Image-text web data:
>>>

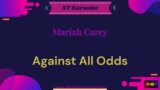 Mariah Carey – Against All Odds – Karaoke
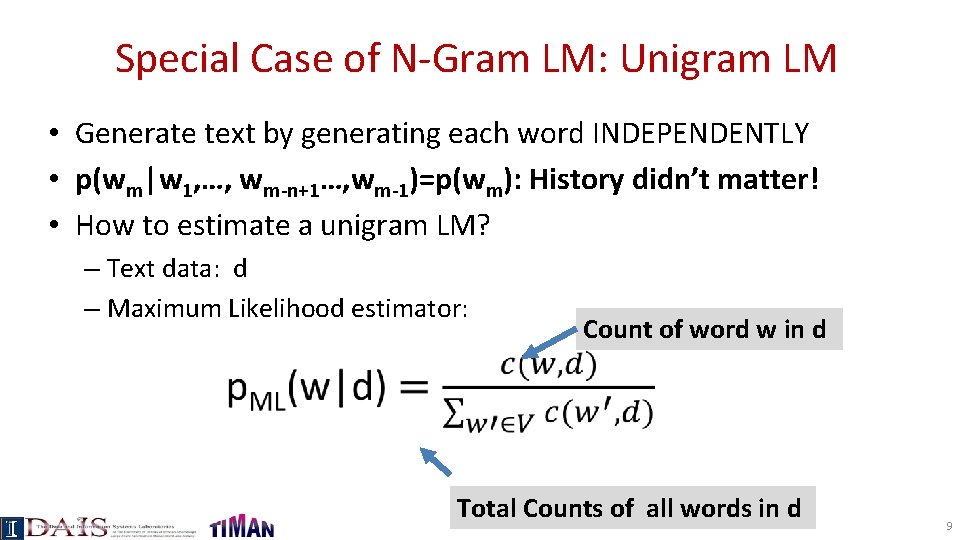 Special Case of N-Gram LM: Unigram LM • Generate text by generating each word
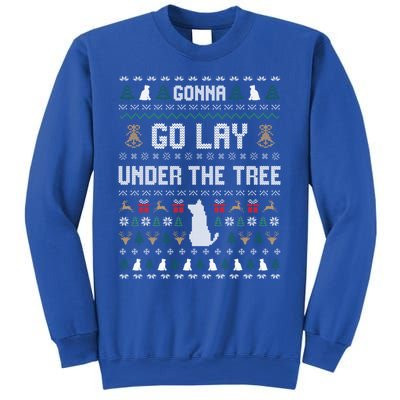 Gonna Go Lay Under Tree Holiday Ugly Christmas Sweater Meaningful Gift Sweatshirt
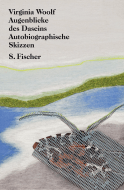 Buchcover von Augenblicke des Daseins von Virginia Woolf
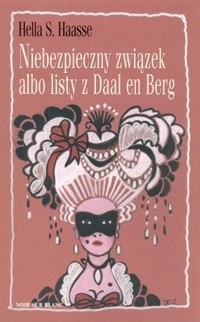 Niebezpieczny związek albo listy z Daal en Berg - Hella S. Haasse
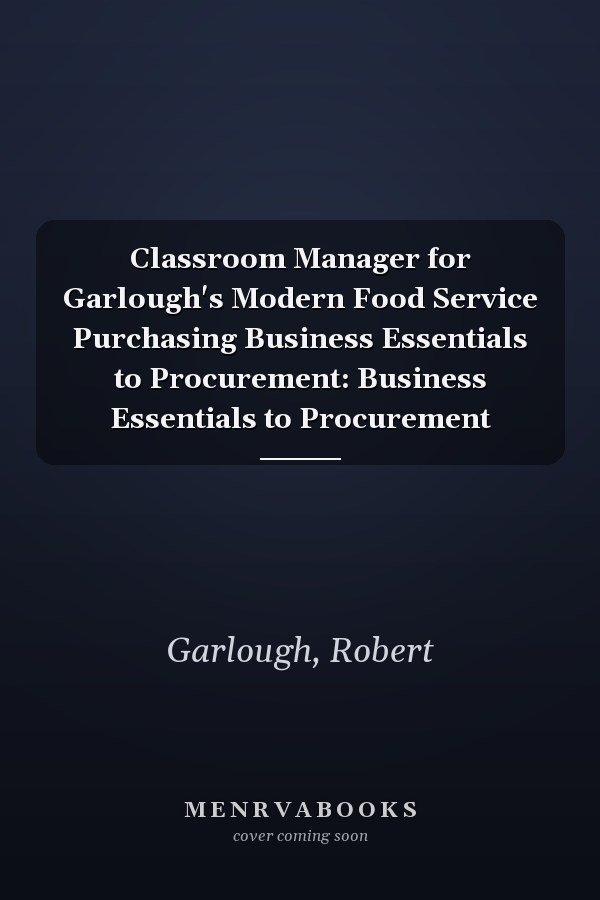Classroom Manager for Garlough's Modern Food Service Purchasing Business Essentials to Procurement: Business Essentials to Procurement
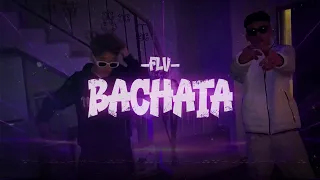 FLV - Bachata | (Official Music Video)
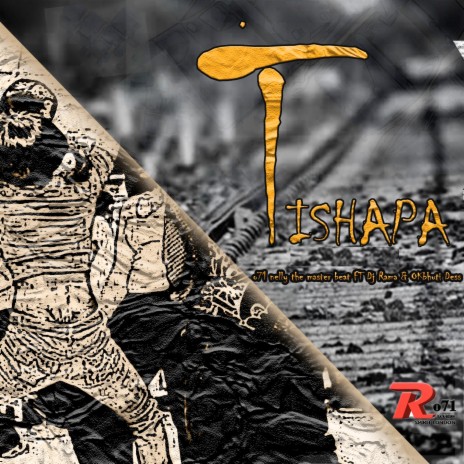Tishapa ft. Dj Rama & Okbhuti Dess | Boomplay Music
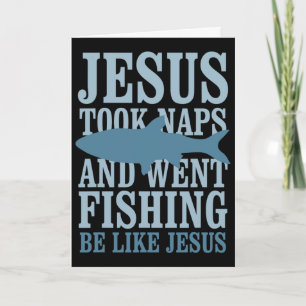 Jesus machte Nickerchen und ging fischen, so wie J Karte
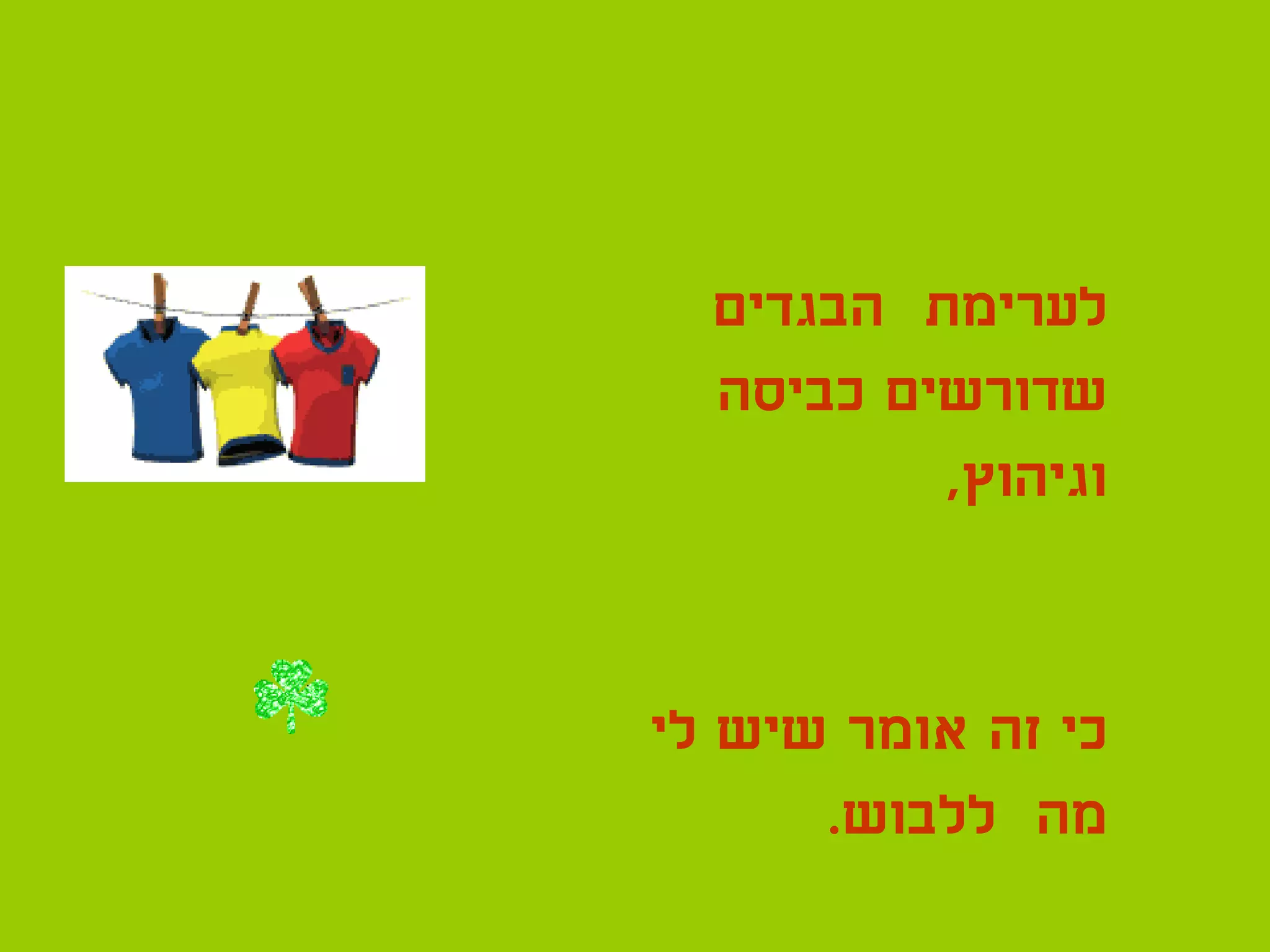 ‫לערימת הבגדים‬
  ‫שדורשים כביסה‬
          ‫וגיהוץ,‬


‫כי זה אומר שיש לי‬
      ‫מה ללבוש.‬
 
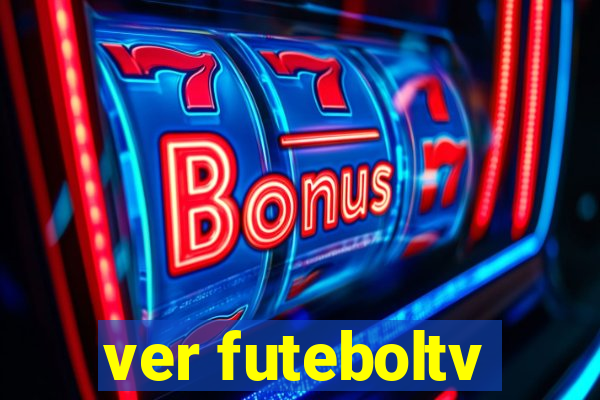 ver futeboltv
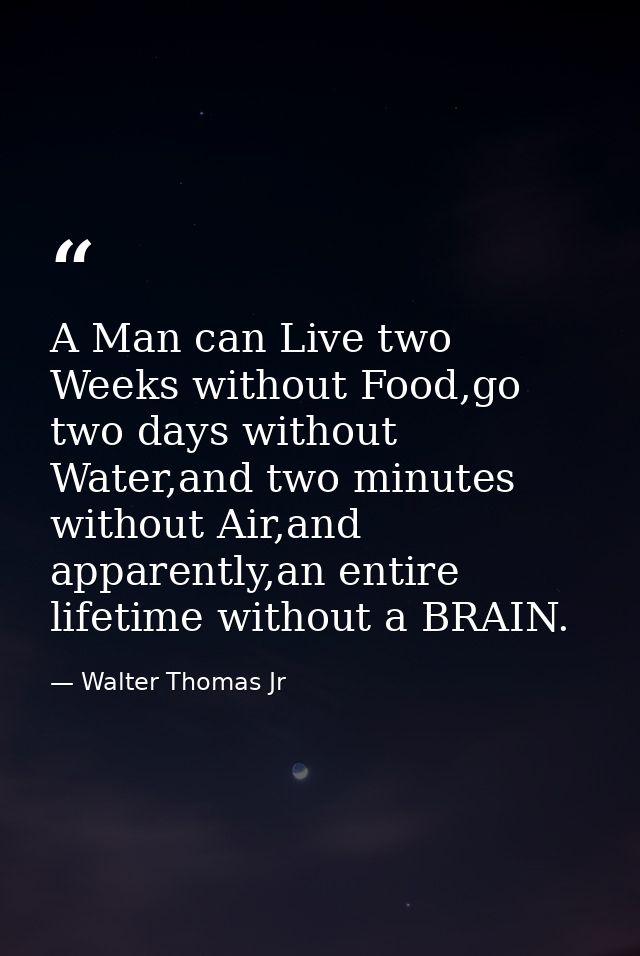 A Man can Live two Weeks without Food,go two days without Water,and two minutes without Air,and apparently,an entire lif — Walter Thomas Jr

<<<

▶ _Work request_
Output the records verbatim, every one of them, and keep the pictures out.

▶ _Answer to this task_
 Mariah Carey – Against All Odds – Karaoke
 Special Case of N-Gram LM: Unigram LM • Generate text by generating each word
 Gonna Go Lay Under Tree Holiday Ugly Christmas Sweater Meaningful Gift Sweatshirt
 Buchcover von Augenblicke des Daseins von Virginia Woolf
 Niebezpieczny związek albo listy z Daal en Berg - Hella S. Haasse
Classroom Manager for Garlough's Modern Food Service Purchasing Business Essentials to Procurement: Business Essentials to Procurement
 FLV - Bachata | (Official Music Video)
Tishapa ft. Dj Rama & Okbhuti Dess | Boomplay Music
 Jesus machte Nickerchen und ging fischen, so wie J Karte
 ‫לערימת הבגדים‬
  ‫שדורשים כביסה‬
          ‫וגיהוץ,‬


‫כי זה אומר שיש לי‬
      ‫מה ללבוש.‬
 
 ver futeboltv
 A Man can Live two Weeks without Food,go two days without Water,and two minutes without Air,and apparently,an entire lif — Walter Thomas Jr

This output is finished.